COLUMBIA - Allowing people to play the
ponies in South Carolina could boost tourism and bring the state
millions of dollars in revenues, Rep. Bubber Snow said Tuesday.
Snow, D-Hemingway, has introduced a bill to bring pari-mutuel
racing to South Carolina. The proposal must be approved as a
constitutional amendment, receiving at least a two-thirds vote in
the House and the Senate before going before voters.
The bill faces several hurdles before it ever goes to a vote.
First is the Lost Trust scandal more than a decade ago. The FBI
used a bill to legalize pari-mutuel racing as part of a sting that
paid about $30,000 in bribes to more than a dozen legislators.
Prosecutors got 27 convictions in the operation.
Second is the state's overall chill toward gambling. South
Carolina outlawed video gambling nearly three years ago, and little
effort has been made to revive it.
Bringing any new form of gambling to South Carolina is a long
shot, said House Speaker David Wilkins, R-Greenville. Or as Rep.
John Graham Altman put it: "Don't bet on that horse."
"I don't think people want any more state-sponsored gambling in
this state," said Altman, R-Charleston. "But I might be wrong."
Horse and other types of racing could bring much more money and a
higher class of people than video gambling and involves skill that
is absent from lottery games, Snow said.
"Pari-mutuel racing and horse racing in South Carolina would
create jobs. The lottery, I don't know how many jobs it created,"
said Bobby Anderson, president of the S.C. Horsemen's Council.
Also, Snow said, pari-mutuel racing itself had nothing to do with
Lost Trust, and it would be unfair to link the two.
As Snow discussed his plan on the south side of the Statehouse on
Tuesday, a handler led a race horse and jockey in circles on a small
patch of grass not far from the statue of Confederate general and
former Gov. Wade Hampton on horseback.
"We raise some of the finest horses in the world," said Sen. Jake
Knotts, R-West Columbia, who is considering introducing a similar
bill in the Senate.
Plus, the lottery has opened the door. "Gambling's gambling,"
Knotts said.
Horse racing would bring in more money than other forms of
gambling, said Othniel Wienges Jr., who has raised and raced horses
for decades.
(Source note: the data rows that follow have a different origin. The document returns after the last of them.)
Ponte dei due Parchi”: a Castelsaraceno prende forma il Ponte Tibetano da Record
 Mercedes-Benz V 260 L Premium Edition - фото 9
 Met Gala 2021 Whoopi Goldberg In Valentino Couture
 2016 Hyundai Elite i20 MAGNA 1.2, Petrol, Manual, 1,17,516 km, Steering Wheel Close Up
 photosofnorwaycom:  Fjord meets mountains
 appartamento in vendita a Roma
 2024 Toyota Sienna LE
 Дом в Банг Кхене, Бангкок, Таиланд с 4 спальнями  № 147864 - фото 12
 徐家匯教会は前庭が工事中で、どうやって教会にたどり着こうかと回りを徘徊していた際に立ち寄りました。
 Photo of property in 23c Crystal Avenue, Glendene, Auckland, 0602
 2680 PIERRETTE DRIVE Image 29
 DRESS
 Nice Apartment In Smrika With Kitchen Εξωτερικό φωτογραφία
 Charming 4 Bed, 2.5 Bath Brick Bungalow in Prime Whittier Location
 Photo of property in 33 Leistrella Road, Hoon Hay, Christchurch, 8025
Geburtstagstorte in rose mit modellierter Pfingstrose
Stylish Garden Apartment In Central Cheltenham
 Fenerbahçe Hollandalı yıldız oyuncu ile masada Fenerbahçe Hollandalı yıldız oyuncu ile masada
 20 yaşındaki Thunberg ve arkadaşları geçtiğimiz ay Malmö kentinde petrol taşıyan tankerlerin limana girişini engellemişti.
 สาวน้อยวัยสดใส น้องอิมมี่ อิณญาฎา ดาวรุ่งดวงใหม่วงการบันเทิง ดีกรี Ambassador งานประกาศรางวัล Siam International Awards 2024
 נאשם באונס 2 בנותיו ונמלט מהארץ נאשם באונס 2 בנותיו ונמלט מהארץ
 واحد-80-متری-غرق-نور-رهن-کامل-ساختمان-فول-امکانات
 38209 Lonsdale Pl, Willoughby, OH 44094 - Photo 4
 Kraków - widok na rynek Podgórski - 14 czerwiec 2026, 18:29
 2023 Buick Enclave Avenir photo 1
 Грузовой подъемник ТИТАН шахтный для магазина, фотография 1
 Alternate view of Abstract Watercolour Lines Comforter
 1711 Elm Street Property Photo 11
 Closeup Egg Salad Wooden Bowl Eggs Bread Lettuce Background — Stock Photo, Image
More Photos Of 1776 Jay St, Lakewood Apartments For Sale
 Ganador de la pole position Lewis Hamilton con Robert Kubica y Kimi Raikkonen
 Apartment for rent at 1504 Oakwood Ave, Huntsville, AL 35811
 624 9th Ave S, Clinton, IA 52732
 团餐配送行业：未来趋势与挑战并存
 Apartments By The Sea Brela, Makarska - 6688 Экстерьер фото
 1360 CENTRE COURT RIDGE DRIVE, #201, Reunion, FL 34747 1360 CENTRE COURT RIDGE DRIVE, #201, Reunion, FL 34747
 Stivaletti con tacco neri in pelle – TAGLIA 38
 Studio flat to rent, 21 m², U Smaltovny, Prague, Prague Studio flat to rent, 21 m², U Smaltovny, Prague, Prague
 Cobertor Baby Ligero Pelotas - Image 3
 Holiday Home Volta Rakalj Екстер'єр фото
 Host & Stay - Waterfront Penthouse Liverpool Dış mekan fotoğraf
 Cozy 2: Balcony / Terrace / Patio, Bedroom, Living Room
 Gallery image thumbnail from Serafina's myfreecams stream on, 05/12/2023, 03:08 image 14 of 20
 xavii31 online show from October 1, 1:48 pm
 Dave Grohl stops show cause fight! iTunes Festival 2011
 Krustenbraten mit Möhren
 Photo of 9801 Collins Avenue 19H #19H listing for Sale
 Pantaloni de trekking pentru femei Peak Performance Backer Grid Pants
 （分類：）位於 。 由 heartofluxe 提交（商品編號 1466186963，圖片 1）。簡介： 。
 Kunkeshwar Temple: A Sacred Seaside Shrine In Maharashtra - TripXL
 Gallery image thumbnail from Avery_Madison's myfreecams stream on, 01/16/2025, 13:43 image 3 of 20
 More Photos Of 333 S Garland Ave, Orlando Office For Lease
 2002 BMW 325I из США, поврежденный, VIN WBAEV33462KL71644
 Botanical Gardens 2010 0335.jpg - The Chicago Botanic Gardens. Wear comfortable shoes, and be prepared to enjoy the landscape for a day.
Tourism would increase, and trainers who currently ship
their animals out of state to race could stay here, he said.
"One horse means two jobs - not just trainers, but parking
attendants, too," he said.
Raising horses is a booming industry in South Carolina, but much
of the money is shipped out of state because the horses can't race
here, said Judy Ballew, who raises quarter horses at White Eagle
Farms near Clinton.
Ballew owns about 15 horses and figures she spend $12,000 a year
to send each of her horses to Oklahoma to race.
Tracks in Aiken, Camden, Charleston, Elloree and Cedar Swamp in
Williamsburg County would be ready to use immediately if pari-mutuel
racing became legal, Snow said.
Snow also has a personal reason for wanting to legalize
pari-mutuel racing.
He remembers the days his family raced seven thoroughbreds at
Washington Park Race Track, located on land that is now Myrtle
Square Mall. Harness races took place on Wednesdays and Sundays
before about 2,500 people for a few years after World War II, he
said.
Snow said the House passed a bill allowing pari-mutuel racing in
1947, but the Senate never took action on the proposal before a
state Supreme Court ruling shut the door.